The Federal Trade Commission doesn't generally interfere with the technological usage of companies within the United States. From time to time the government agency does issue recommendations, but for the most part, as long as technology has received approval, a company can utilize the tech as it sees fit (within established, legal parameter). However, according to Wired (2015), the FTC did put out recommendations for companies using IoT devices in order to ensure the privacy of the American consumer. 

In the report, the FTC covered the sheer volume of Internet connected devices, stating a total of 25 billion objects (including computers) had the ability to connect to the Internet and collect, share and distribute data as programmed (this as of 2015, so the number has increased in the last two years). By working with industry leaders within the varying technological fields manufacturing IoT devices, the FTC created a security checklist for companies in order to boost security and safeguard the information it collets from consumers. 

According to the FTC, companies should build security directly into IoT devices before implementing the hardware into the system. This way, instead of building security around the device, almost as an afterthought, the security is sound and can be tested ahead of time. This reduces the chance of possible misses in the firewall and security settings. When new hardware is brought into the fold it often becomes the target of hackers attempting to poke and prod for weaknesses. If security is not stable and sound out of the gate, it may open the entire network up to the outside. As Hewlett-Packard Enterprise (2014) uncovered, nearly 70 percent of all Internet of Things devices are vulnerable to external attacks, which simply outlines the need to build security into the device instead of around it, after the fact. 

Security Protocols to Take to Reduce Potential IoT Cyberattacks

With such a high percentage of IoT devices posing possible security threats, identifying proper measures for safeguarding the technology and the network it connects to is vital. According to the same FTC report (2013), the agency recommends using a "defense-in-depth" approach. This means, instead of releasing patches for the vulnerabilities of the device, an enterprise and IT department must have some security measure in place. 

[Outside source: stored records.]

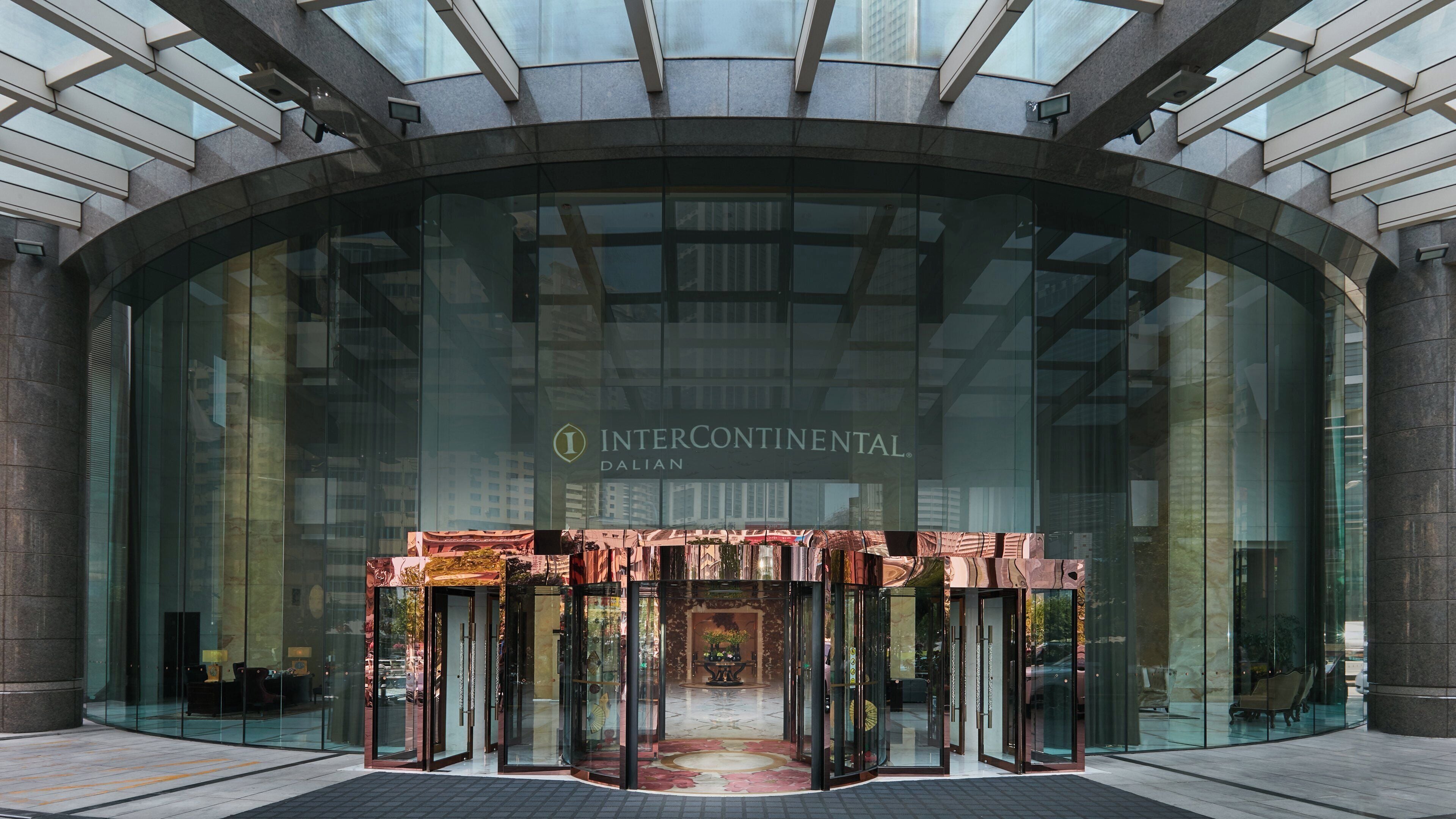 Une entrée moderne avec une façade en verre, une porte tournante centrale et le nom « INTERCONTINENTAL » bien visible.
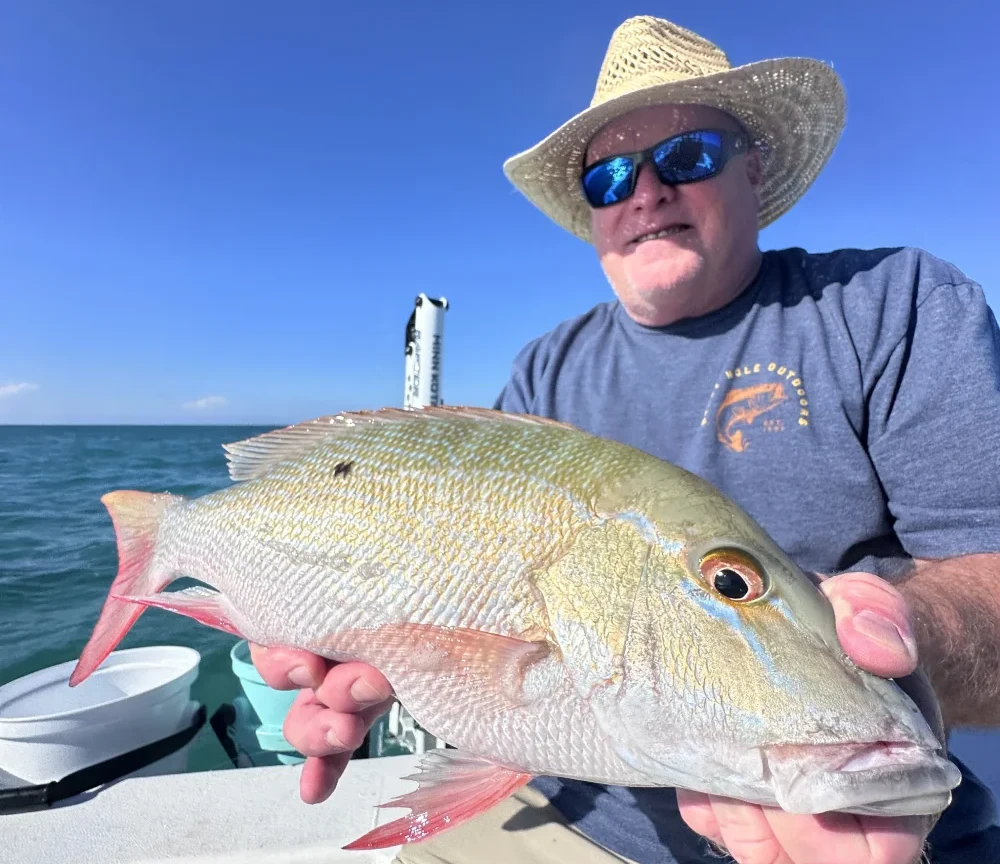 That There is the Face of a MAN Who Already Has a Cooler of Snapper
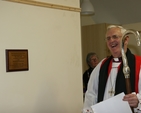 The Archbishop of Dublin and Bishop of Glendalough, the Most Revd Dr John Neill with the plaque he unveiled to mark the official opening of new parish rooms in Calary Parish Church.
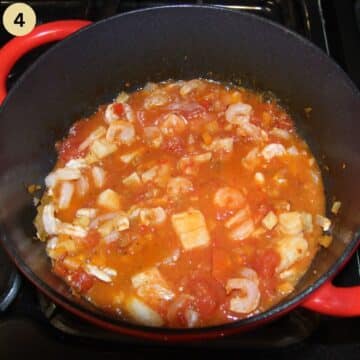 simmering fish stew in a dutch oven.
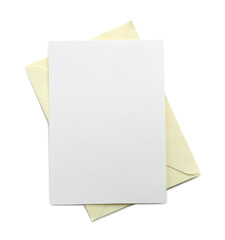 Blank invitation card and envelope isolated on white, top view. Space for design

To produce the "defense-in-depth" security measure, a company needs to first understand the device, how it works, how it connects to the network and pool over it for possible flaws and security issues. From there, essential firewalls and security systems must be written for each device. Consumers using personal IoT devices should receive timely patches to correct potential flaws on their side, while employees must receive appropriate training in how to use the Internet of Things devices and what sort of security measures must be taken in order to protect the corporate network. 

Limiting the collection of data can reduce the chance of external threats hacking in and gaining access to the information. The creation of the cloud helped commercialize IoT devices, but it also put the hardware at a greater risk due to the continual data communication between device and cloud. For a business collecting data, it is vital to not lump all devices into a single category and create blanket security measures. While better than installing patches after setting up the IoT hardware, it still leaves cracks in the security wall.  

The IoT has the ability to greatly improve your company productivity, cut expenses and drive future projects for nearly every department. However, it is all for not if proper security measures are not taken to safeguard these newly minted Internet access points. Internet of Things may only make up a small percentage of data usage within a network, but every point of entry needs specific and often unique cybersecurity in place. When considering the implementation of any new IoT hardware, the impact on not only the company's bottom line but also potential cybersecurity risks must all be considered.